In the meantime, Google Translate’s enormous databank goes about learning languages as we actually speak them, taking in all their complexities and inconsistencies. It manages swear words and slang better than any rule-based system could, and keeps up to date with contemporary language. It speaks the English we speak, wherein infinitives are split and nonplussed means unperturbed—and linguistic conservatives have no say in what’s correct. But Google does. And does for dozens of languages besides English.

Might all that knowledge about language and how we speak it be something to worry about, when at the hands of a single company? Translation can be a sensitive thing—laden with responsibility that can’t be passed up to algorithms with a shrug of the shoulders. It’s worth questioning the power it brings Google—and especially since Google likes to shy away from the murky waters of culture and politics, where authority over language certainly brings them. Before you know it, all this technical tinkering and grand ambition brings them into public, social, and moral realms—something Evgeny Morozov has written about brilliantly.

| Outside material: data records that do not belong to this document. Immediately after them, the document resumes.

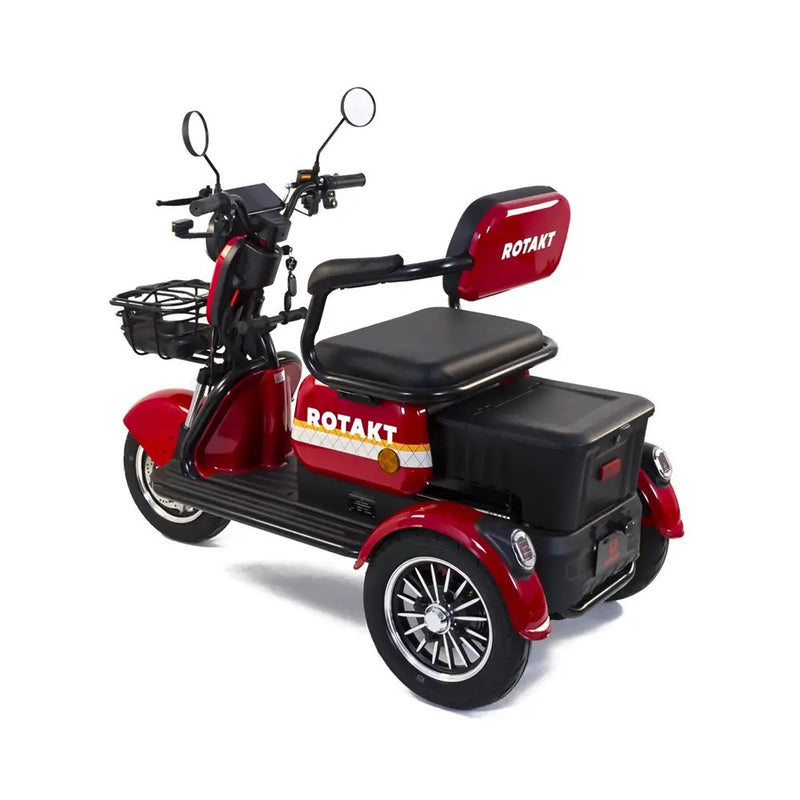 Tricicleta electrica Rotakt Safari putere 1000W viteza 25 km/h autonomie 62 Km acumulatori 60V/20Ah greutate admisa 187kg fara permis Gri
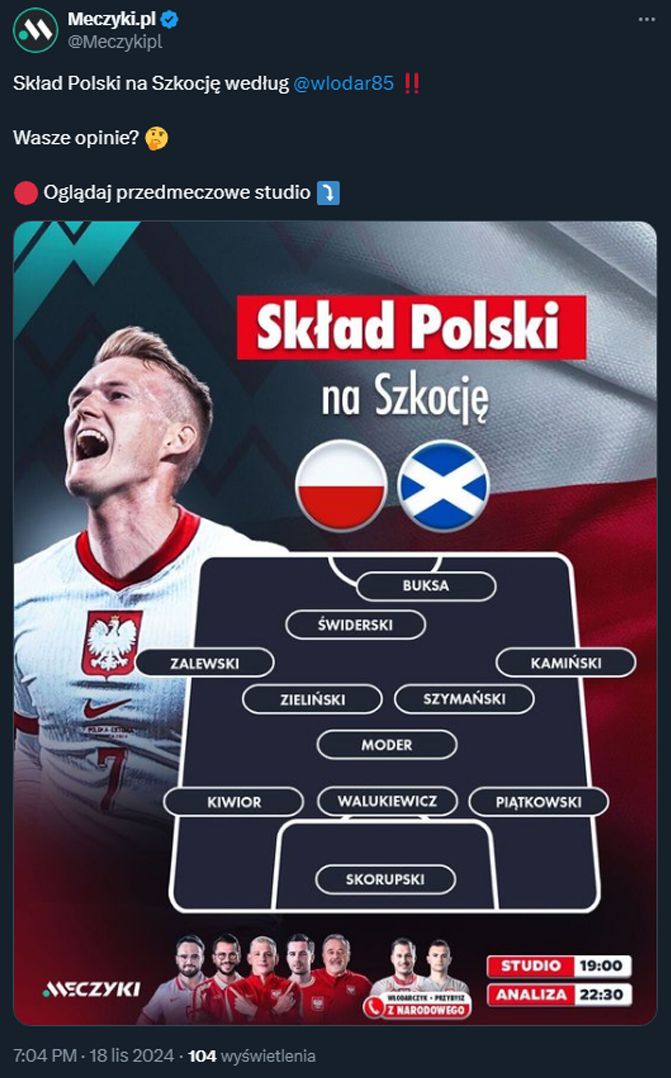 Tomasz Włodarczyk podał SKŁAD POLSKI na mecz ze Szkocją!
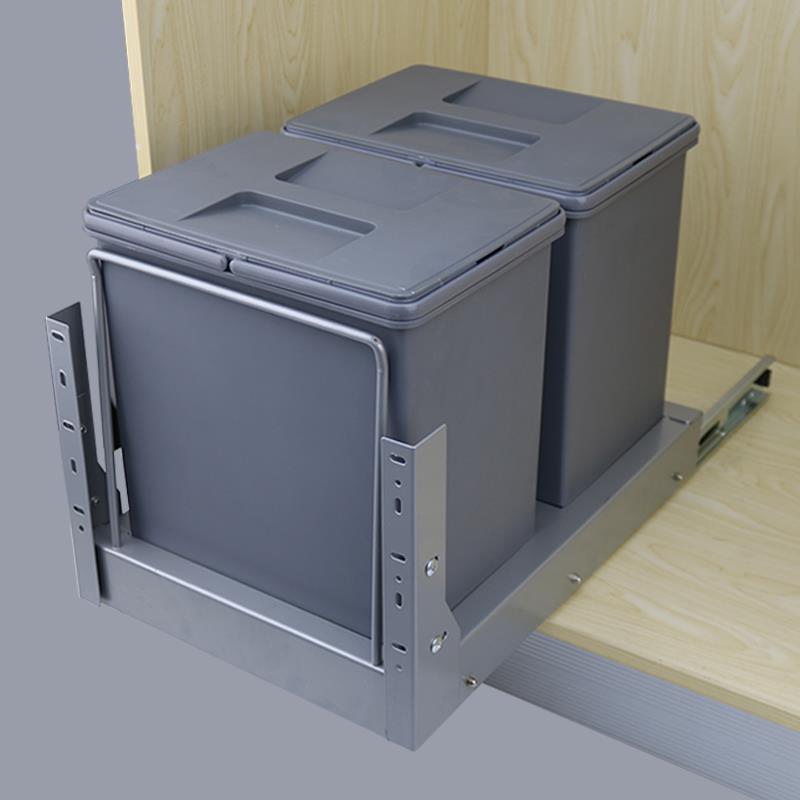 厨房拉篮隐藏嵌入式干湿分离家用垃圾桶整体橱柜内置抽拉式分类收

In Wittgensteinian fashion, I shouldn’t advance any thesis—but there is food for thought here. With some clever technology built by some clever people, Google has decreed on language and translation, confirming the nonsense of prescriptive rules—a small victory for the descriptive grammarians, if an obvious one—and that Wittgenstein’s remarks on language really bear an effective model of artificial means of learning it. Google Translate might not become better than humans at translation any time soon—perhaps it can’t be done. But at some point it will be good enough: cheaper and more convenient than hiring human translators (for many whose standards are lower, this is already true) or bothering to learn languages ourselves—at which point “good enough” becomes our standard. How do we want our machine translators to work for us?